Action item
In the data below, find the line with "قضاء المدينة" and the line with "Recuperador de calor", then restate both and every line between them exactly, minus the pictures.

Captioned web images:

Start of Block

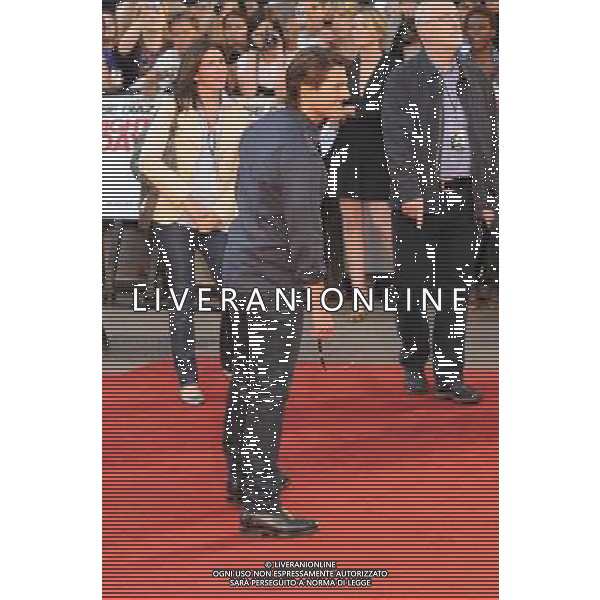 Tom Cruise attends the UK Film Premiere of Knight And Day at Odeon Leicester Square in London on the July 22nd, 2010. Londra premiere del film \'Knight And Day\' nella piazza Odeon Leicester ©photoshot/ALDO LIVERANI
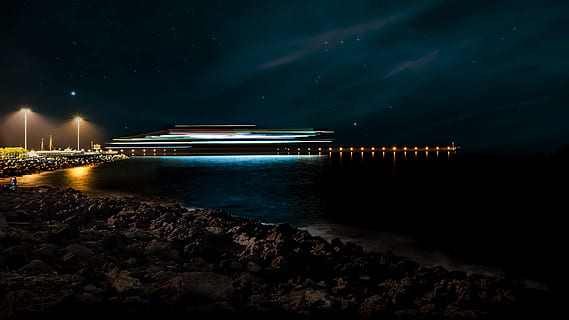 fotografie panoramică, plajă, întuneric, doc, seară, port, posturi de lampă, peisaj, dungi luminoase, trasee ușoare, lumini, expunere lungă, -Expunere lungă, lună, noapte, lumini de noapte, fotografie de noapte, ocean, roci, mare, malul marii, stele, interval de timp, apă, malul mării, iluminat, arhitectură, cer, spaţiu, construită, stea - spațiu, scenice - natura, astronomie, natură, exteriorul clădirii, reflecţie, frumusețe în natură, teren, nici o persoana, în aer liber, 2K, CC0, domeniu public, fără drepturi de autor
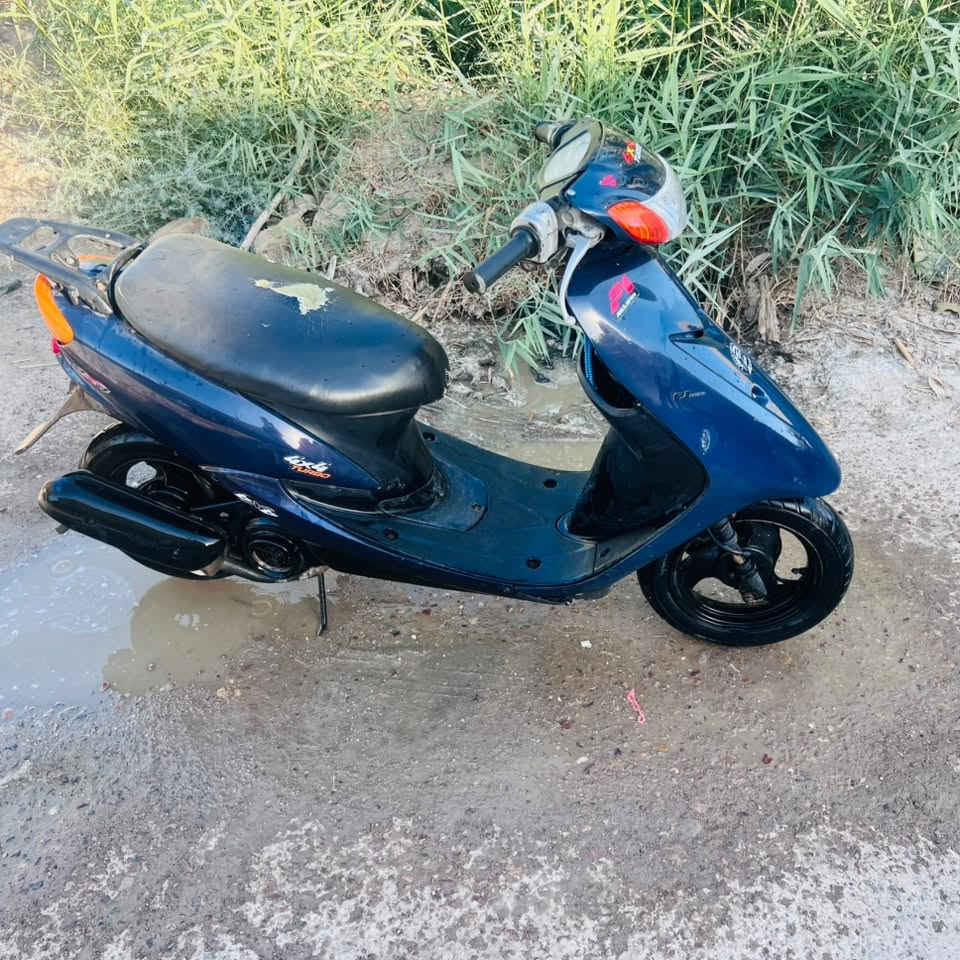 سلام عليكم عصفوري للبيع 350وبيها مجال لشراي 
عوزها فقط سلف.
عينه كلوب هورن شغالات
قضاء المدينة 
 واتساب ***********فقط
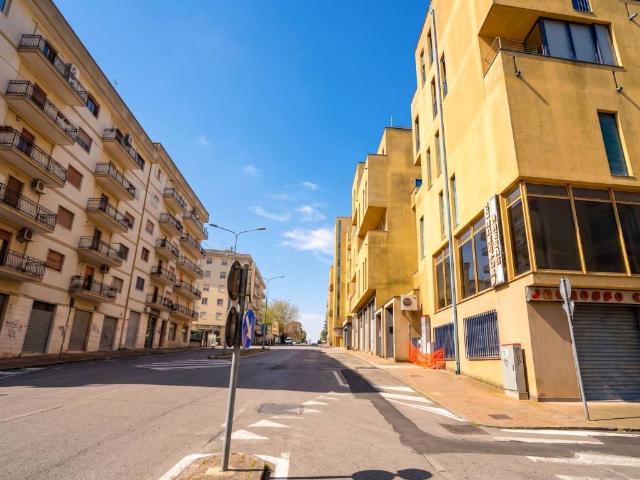 Locale Commerciale in affitto a Puglia, Taranto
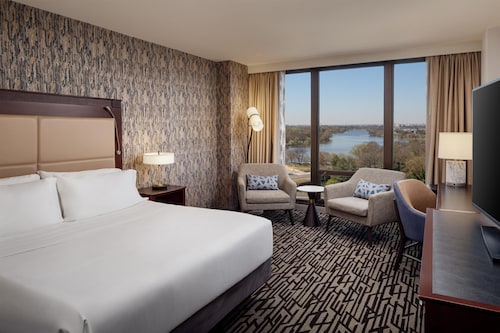 DoubleTree by Hilton Cherry Hill Philadelphia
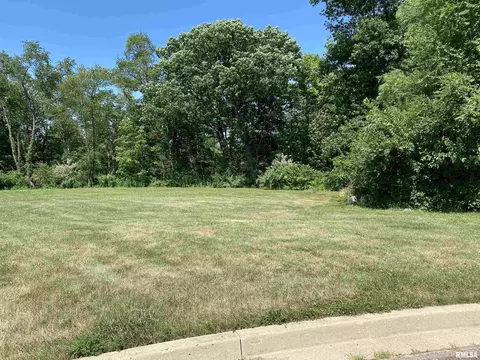 3747 Grandview Ct, Pekin, IL 61554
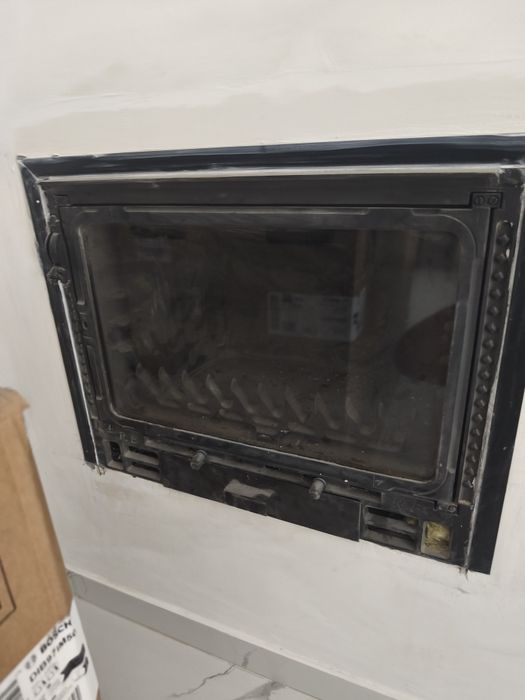 Recuperador de calor em ferro fundido 67x54x42 cm – Bom estado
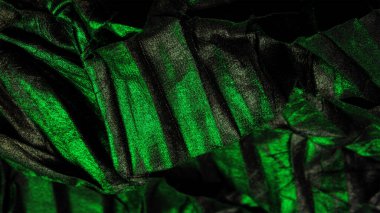 Mavi zümrüt çizgili siyah ipek kumaş, buruşuk kumaş. Doku. Soyut koyu yeşil arka plan, doku etkisi. şablon. Duvar Kağıdı.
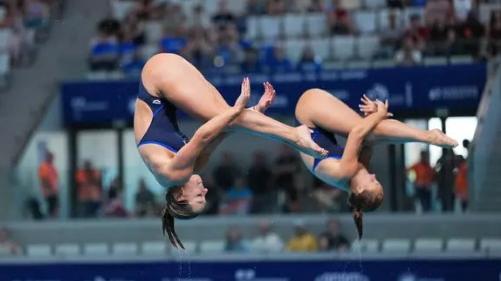 Storica impresa di Pellacani, il quinto oro nei tuffi sincro con Elisa Pizzini è leggenda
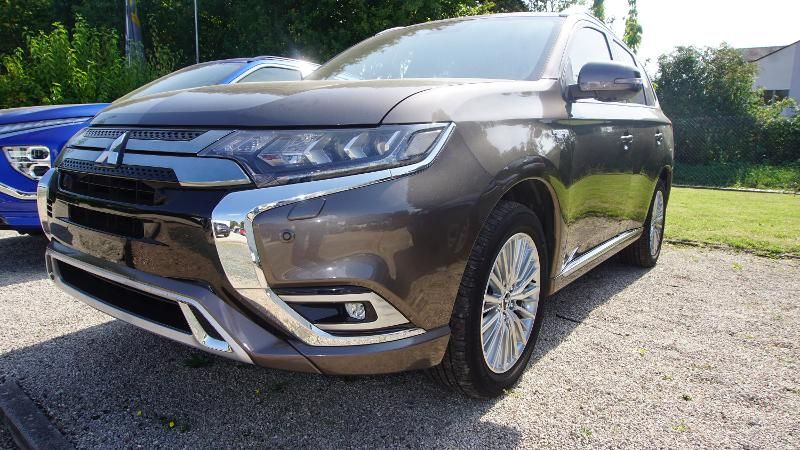 Plug-in Hybrid Outlander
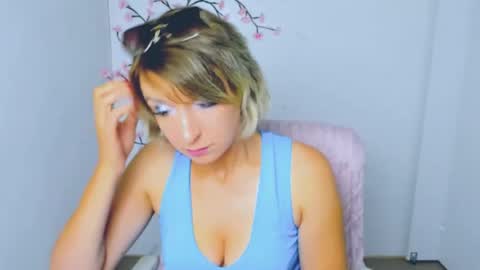 Snapshot of mishelle_blondie chatting on July 2026 06:42:01 AM Mishelle online show from July 2026 06:42:01 AM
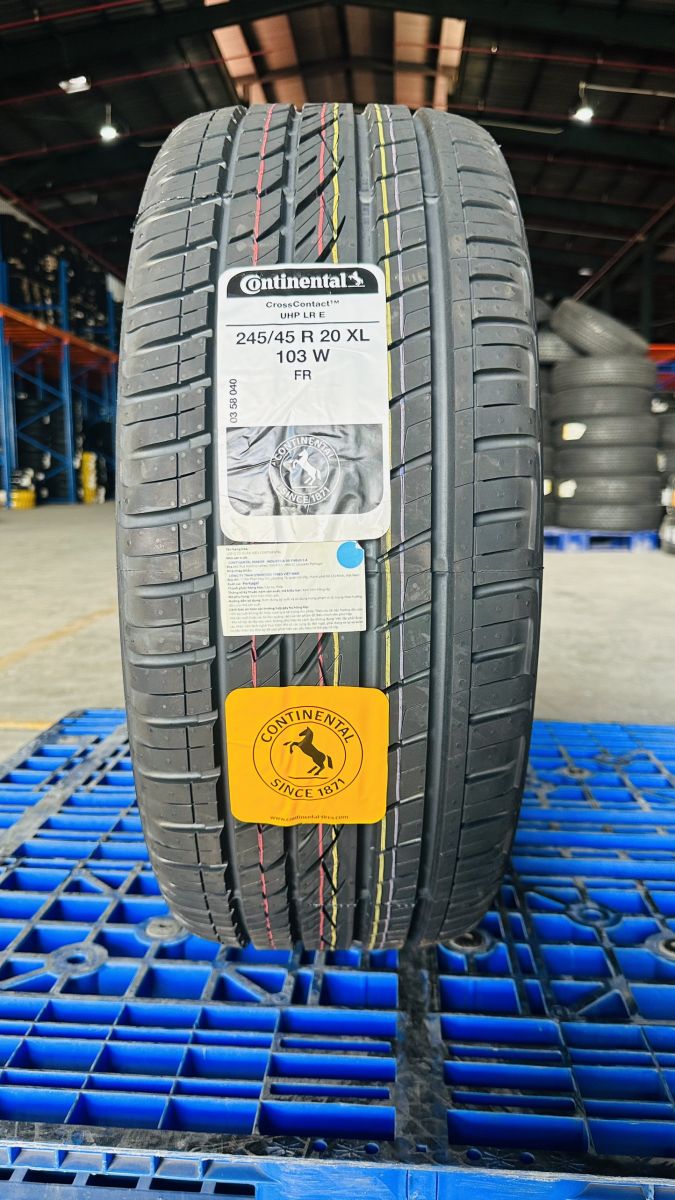 lốp 245/45R20 continental crosscontact uhp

End of Block

Solution for this problem
قضاء المدينة 
 واتساب ***********فقط
 Locale Commerciale in affitto a Puglia, Taranto
 DoubleTree by Hilton Cherry Hill Philadelphia
 3747 Grandview Ct, Pekin, IL 61554
 Recuperador de calor em ferro fundido 67x54x42 cm – Bom estado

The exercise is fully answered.